THOMPSON, Presiding Judge.

¶ 1 Julio L. (juvenile) appeals from an adjudication of delinquency for disorderly con[483]*483duct pursuant to Ariz.Rev.Stat. Ann. (A.R.S.) § 13-2904. We affirm.

FACTUAL AND PROCEDURAL HISTORY

¶ 2 Juvenile is a student at Escuela Azteca, an alternative middle school for students who are not successful in a regular middle school setting. Sandra Ferrero (Ferrero) is the director-principal of the school.

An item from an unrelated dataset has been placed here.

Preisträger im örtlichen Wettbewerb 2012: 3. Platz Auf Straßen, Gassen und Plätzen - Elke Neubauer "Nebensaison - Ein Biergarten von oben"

¶ 3 On December 5, 1997, Ferrero entered juvenile’s classroom at about 8:30 a.m. The students at Escuela Azteca are required to wear uniforms, however, juvenile was not wearing his uniform. When Ferrero asked him why he was not in uniform, he explained that it wasn’t clean. Ferrero testified that juvenile “was just having a bad morning all around.” During the morning session class, juvenile was talking to other students, laughing, and giggling while the teachers gave their overview of the day’s events.

¶ 4 Ferrero decided to confront juvenile during “transition time,” which is the time period between the morning session and the homeroom session. As juvenile was walking to his homeroom class, Ferrero asked juvenile twice if he would talk with her outside the classroom. He ignored her both times, entered the classroom, and sat down. She asked him a third time to leave the classroom and talk to her. Juvenile looked directly at Ferrero, said “fuck you,” and kicked the chair next to him. The chair tipped over, but did not strike anyone. Although she had experience dealing with problematic students, Ferrero testified that she was offended by juvenile’s language and conduct. Fer-rero told him that his behavior warranted an officer referral and ordered him to leave the classroom. Juvenile, “talking and arguing under his breath,” followed her to the office.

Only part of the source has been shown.